Tukey's Test for Post-Hoc Analysis

In a previous example, ANOVA (Analysis of Variance) was performed to test a hypothesis concerning more than two groups. Although ANOVA is a powerful and useful parametric approach to analyzing approximately normally distributed data with more than two groups (referred to as 'treatments'), it does not provide any deeper insights into patterns or comparisons between specific groups.

After a multivariate test, it is often desired to know more about the specific groups to find out if they are significantly different or similar. This step after analysis is referred to as 'post-hoc analysis' and is a major step in hypothesis testing.

One common and popular method of post-hoc analysis is Tukey's Test. The test is known by several different names. Tukey's test compares the means of all treatments to the mean of every other treatment and is considered the best available method in cases when confidence intervals are desired or if sample sizes are unequal (Wikipedia).
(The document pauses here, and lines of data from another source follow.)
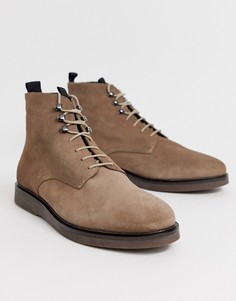 Серо-коричневые замшевые ботинки на шнуровке H By Hudson Battle-Бежевый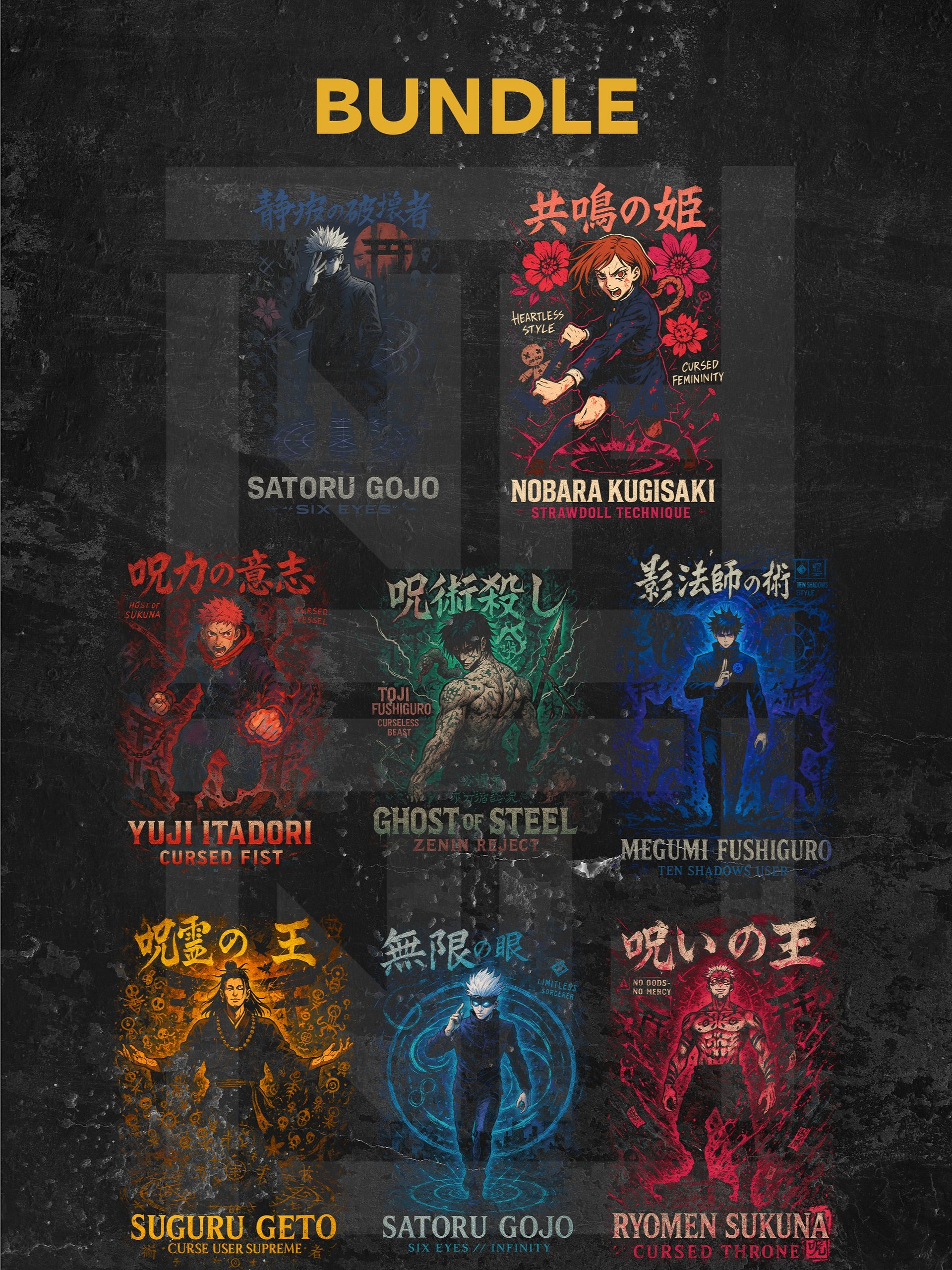 8-Piece Jujutsu Kaisen T-Shirt PNG Bundle product image (1)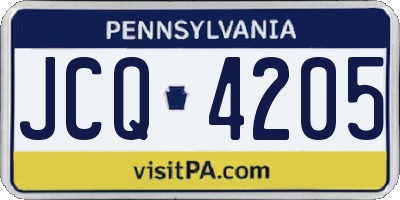 PA license plate JCQ4205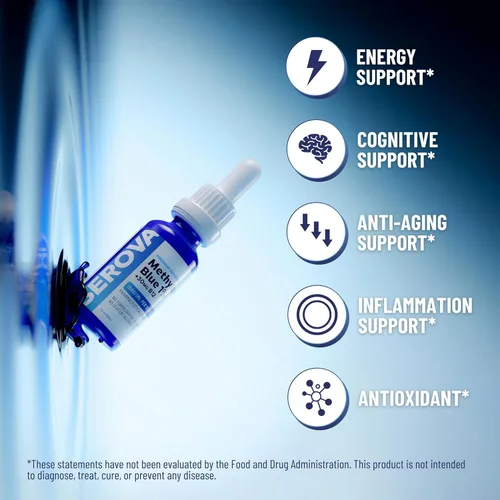 Miniatura 3 de Serova Wellness Methylene Blue 1% grado USP – Suplemento de apoyo para concentración, energía y claridad mental – Soporte antioxidante – Fabricado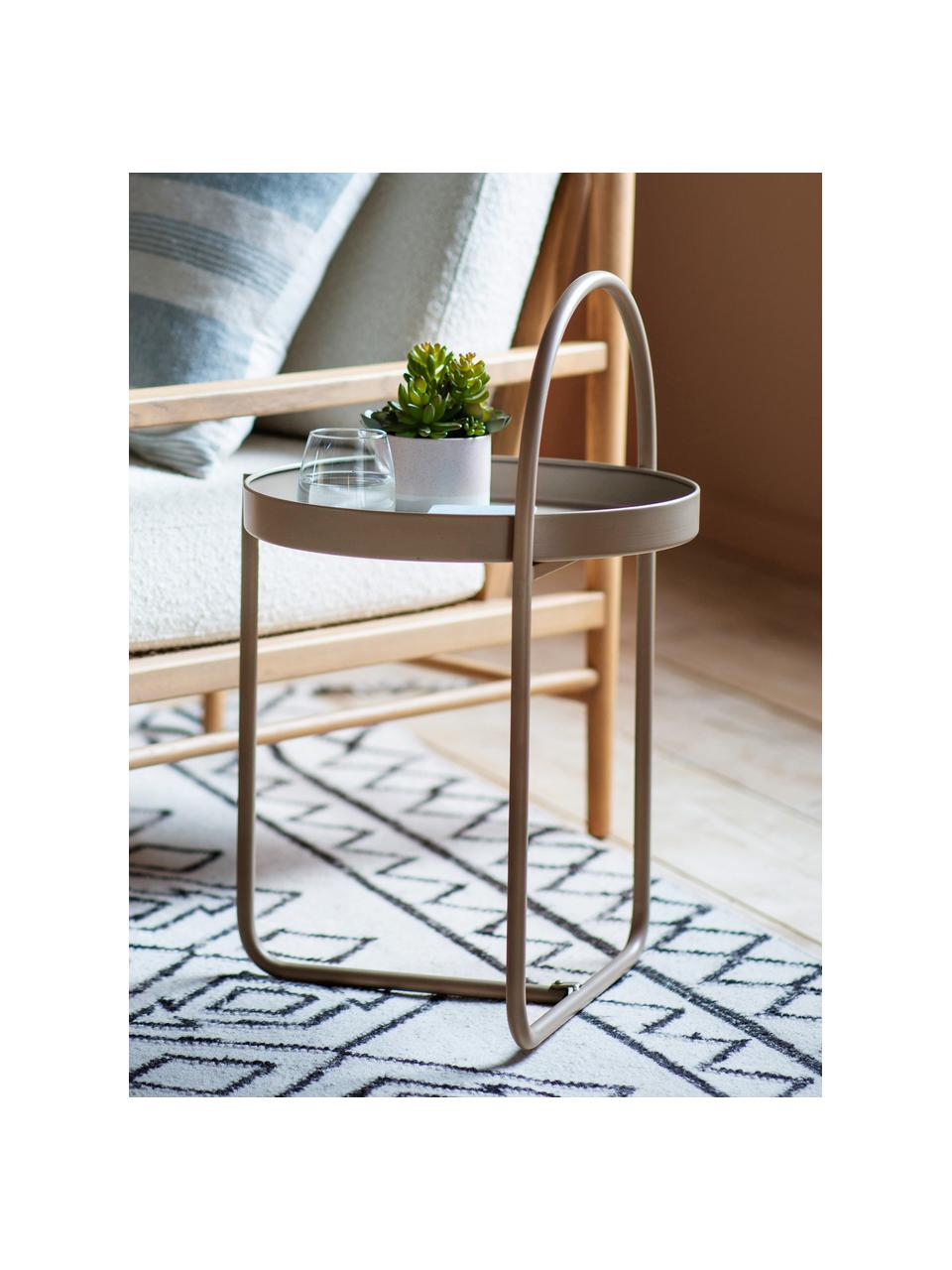 Odkládací stolek Melbury, Ocel s práškovým nástřikem, Greige, Ø 40 cm, V 66 cm
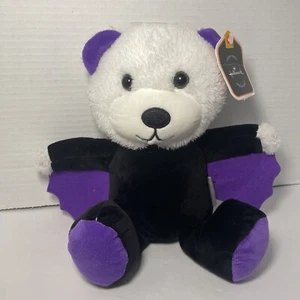 🦄Hallmark / 🎃 Halloween White {Bear Bat} w/Purple Wings Feet Ears 11" Plush! - Picture 1 of 10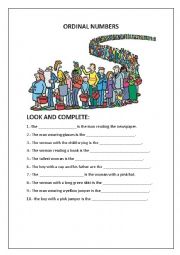 English Worksheet: ordinal numbers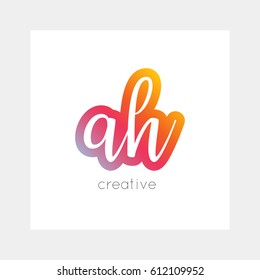 AH logo, vector. Useful as brand symbol, app icon, alphabet element, clip-art.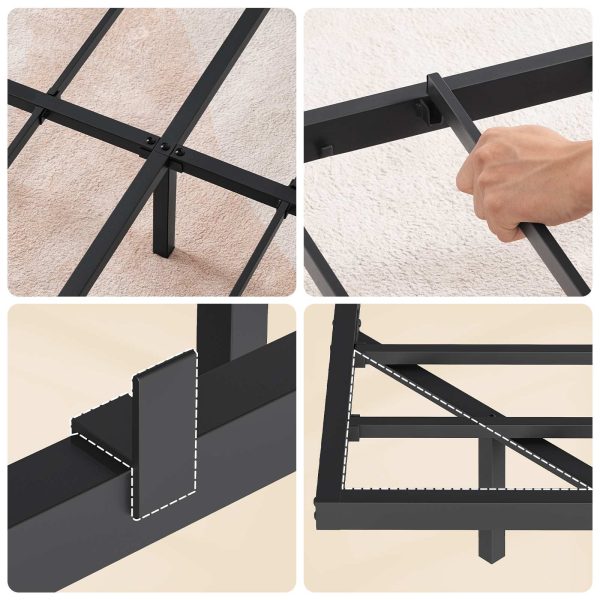 160×200cm Metal Double Bed Frame with LED Lighting and Charging Station, Quiet Stable Guest Bed for Bedroom & Гостевая комната, Легкая сборка, Черный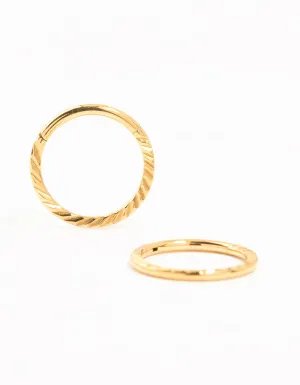 Gold Plated Titanium Flat Twisted Sleeper Earrings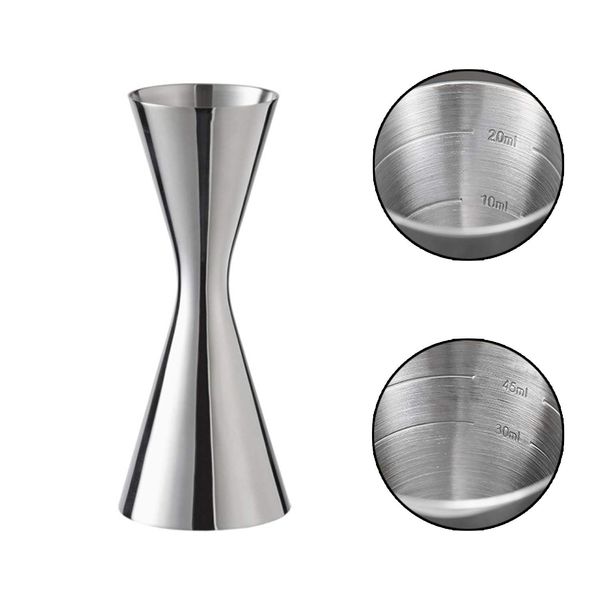 Cocktail Messbecher, 304 Messbecher aus Edelstahl, Integrierte Waage, Cocktail Jigger Dual Spirit Measure Cup, Professioneller Barkeeper, Geeignet für Bars und Wohnungen (30/60ml), Silber-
The test statistic used in Tukey's test is denoted $q$ and is essentially a modified t-statistic that corrects for multiple comparisons. $q$ can be found similarly to the t-statistic:

$q_{\alpha, k, N - k}$

The studentized range distribution of $q$ is defined as:

$q_s = \frac{Y_{max} - Y_{min}}{SE}$

Where $Y_{max}$ and $Y_{min}$ are the larger and smaller means of the two groups being compared. $SE$ is defined as the standard error of the entire design.

In this example, Tukey's Test will be performed on the PlantGrowth dataset that was analyzed previously with ANOVA. The outputs from two different (but similar) implementations of Tukey's Test will be examined along with how to manually calculate the test. Other methods of post-hoc analysis will be explored in future posts.

Getting Started

Begin by loading the packages that will be needed and the PlantGrowth dataset.

library(agricolae)
data("PlantGrowth")

Tukey's Test

Since Tukey's test is a post-hoc test, we must first fit a linear regression model and perform ANOVA on the data. ANOVA in this example is done using the aov() function.

plant.lm <- lm(weight ~ group, data = PlantGrowth)
plant.av <- aov(plant.lm)
summary(plant.av)

##             Df Sum Sq Mean Sq F value Pr(>F)  
## group        2  3.766  1.8832   4.846 0.0159 *
## Residuals   27 10.492  0.3886                 
## ---
## Signif. codes:  0 '***' 0.001 '**' 0.01 '*' 0.05 '.' 0.1 ' ' 1

The summary of the aov() output is the same as the output of the anova() function that was used in the previous example. As before, ANOVA reports a p-value far below 0.05, indicating there are differences in the means in the groups. To investigate more into the differences between all groups, Tukey's Test is performed.

The TukeyHSD() function is available in base R and takes a fitted aov object.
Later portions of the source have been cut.